I am going to rant here because I get sick of all the Gibson bashing and don't think they are as greedy as you amature economists make out:
everybody bitches about the cost of Gibsons, but apart from a slight upcharge for name recognition you need to consider that they are an American made set-neck that only come in finicky-to-shoot lacquer finishes. Its Fender USA that is really ripping you off. There is hardly any hand labor involved in a standard USA Fender. They use the same self-levelling modern finshes as import guitars and are entirely CNCed getting just a little hand sanding. Bolt necks require no extra time or hand-work to assemble and if the neck angle comes out wrong for some reason (unlikely with modern CNC routers and rough sanders) its no issue to pop the neck off and shim it. Takes literally 2 minutes of labor assuming you keep shims around and Fender does. Most Fenders have no binding, and on the off chance you get a bound neck its not fret-edge binding so it requires very little handwork apart from some sanding and then scraping during finishing. On the other hand every Gibson is comparatively boutique. They are only roughed in with machines and everything else is hand shaped. Body binding is still hand glued (I think they use CNC routers to cut the channels in the Nashville plant) and the rubber-band the stuff BY HAND to clamp it and cure the glue. Fret nibs are still hand shaped. Neck pockets are rouched in by machine, but the tennons and mortises are hand-refined during the neck setting process. And that gluing process is done by, you guessed it, a skilled American worker who carefully gets it right, applies the correct amount of titebond and then cleans up the extra glue and properly hand clamps it to dry. Lacquer is still applied the old fashioned way by a guy with a spray gun, not an auto-industry machine that's only good for UV reactive, quick drying and self-levelling polies.... you are talking about tons more American labor and American labor is not cheap. And while not everyone doing the labor may be a luthier or even a craftsman even in an old-school guitar factory I will point out these guys are extremely skilled at their one task, are unionized, and make more than you do to set that neck or shape that binding.

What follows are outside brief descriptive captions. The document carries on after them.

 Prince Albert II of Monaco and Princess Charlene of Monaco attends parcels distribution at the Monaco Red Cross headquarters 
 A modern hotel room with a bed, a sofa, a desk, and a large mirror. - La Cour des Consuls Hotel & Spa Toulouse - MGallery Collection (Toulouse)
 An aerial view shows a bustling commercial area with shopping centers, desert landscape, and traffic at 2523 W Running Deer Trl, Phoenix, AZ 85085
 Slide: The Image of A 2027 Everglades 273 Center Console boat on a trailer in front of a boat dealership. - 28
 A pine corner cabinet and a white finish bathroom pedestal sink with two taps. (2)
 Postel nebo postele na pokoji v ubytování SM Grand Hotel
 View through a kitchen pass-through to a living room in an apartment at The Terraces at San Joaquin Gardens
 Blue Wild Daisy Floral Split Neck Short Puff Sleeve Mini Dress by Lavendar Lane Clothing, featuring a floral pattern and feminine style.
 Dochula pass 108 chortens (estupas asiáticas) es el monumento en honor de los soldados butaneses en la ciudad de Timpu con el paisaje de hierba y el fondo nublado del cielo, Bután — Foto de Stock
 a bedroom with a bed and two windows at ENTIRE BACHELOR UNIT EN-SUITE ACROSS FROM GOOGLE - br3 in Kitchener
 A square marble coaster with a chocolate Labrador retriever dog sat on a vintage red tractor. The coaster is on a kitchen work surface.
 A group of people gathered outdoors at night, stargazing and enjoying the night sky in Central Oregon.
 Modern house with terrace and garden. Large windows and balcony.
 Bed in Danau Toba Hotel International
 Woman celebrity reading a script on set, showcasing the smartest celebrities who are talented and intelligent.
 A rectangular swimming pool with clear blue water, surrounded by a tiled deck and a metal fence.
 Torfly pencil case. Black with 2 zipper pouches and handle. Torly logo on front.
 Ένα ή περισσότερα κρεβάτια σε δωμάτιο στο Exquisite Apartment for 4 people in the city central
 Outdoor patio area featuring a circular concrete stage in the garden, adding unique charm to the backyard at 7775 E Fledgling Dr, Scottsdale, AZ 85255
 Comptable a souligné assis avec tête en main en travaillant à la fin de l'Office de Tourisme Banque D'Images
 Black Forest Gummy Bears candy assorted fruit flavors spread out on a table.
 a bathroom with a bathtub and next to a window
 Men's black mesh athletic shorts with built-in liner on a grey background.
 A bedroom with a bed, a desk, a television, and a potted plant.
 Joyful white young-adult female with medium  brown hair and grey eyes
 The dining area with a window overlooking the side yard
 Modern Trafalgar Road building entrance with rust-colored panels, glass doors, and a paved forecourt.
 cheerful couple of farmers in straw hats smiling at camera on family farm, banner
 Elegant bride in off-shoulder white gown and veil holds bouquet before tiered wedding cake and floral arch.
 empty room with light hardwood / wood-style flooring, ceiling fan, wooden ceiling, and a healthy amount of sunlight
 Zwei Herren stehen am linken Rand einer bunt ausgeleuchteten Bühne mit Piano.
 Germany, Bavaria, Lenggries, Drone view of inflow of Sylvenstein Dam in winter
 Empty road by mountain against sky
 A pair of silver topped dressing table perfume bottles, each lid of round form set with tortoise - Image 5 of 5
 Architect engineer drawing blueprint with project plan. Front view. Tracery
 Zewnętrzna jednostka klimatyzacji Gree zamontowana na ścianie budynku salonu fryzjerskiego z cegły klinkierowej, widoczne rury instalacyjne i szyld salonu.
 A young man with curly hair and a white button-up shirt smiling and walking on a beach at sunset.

Given the weakness of the dollar and that salaries for skilled union labor in the USA are the only non-executive salaries that seem to consistently chase the rate of inflation, Gibson is actually keeping prices relatively low considering what goes into a lot of these models. Now, if you hate Gibsons they will always be overpriced to you because you are too busy looking for different neck profiles and shapes like Boom. But you need to recognize the obvious expense of creating an LP standard. Back before the price hike a few years ago you could grab standard for under $2k new at guitar center. There was a point where the dollar was in the toilet and Gibson was probably not making a lot of money on standard with their labor costs being so high and the average Gibson fan's buying power having plummeted so low so suddenly. With the sheer number they weren't selling coupled with the ever-increasing cost of keeping their staff on I am not surprised they had to hike prices 20-25%.
on your fender scale LP, hardly any Gibsons use 25.5" scale.... a few jazz boxes made in Memphis or at the custom shop and some flat-top acoustics from Montana, that's it.... they are reprogramming and retooling all the automated stuff to produce that guitar or they are doing it all the old-fashioned way.... either way its going to cost them more even if all the materials are the same. Time is money.
Now 70s Norlin-era Gibson is another matter, but modern Gibsons are really pretty decent across the board and they have been since the 90s. They got rid of Norlin in the 80s and started putting their hosue in order. Sure they charge you for all the work put into making a quality product again between '88 and '92, but its a business and this is a capitalist country. They may still be paying off the loan on those PLEK machines for all we know! Guitar manufacturing is not a cash cow, even for the big 2. Go look up the yearly profit margins on Gibson and Fender and prepare to be amazed.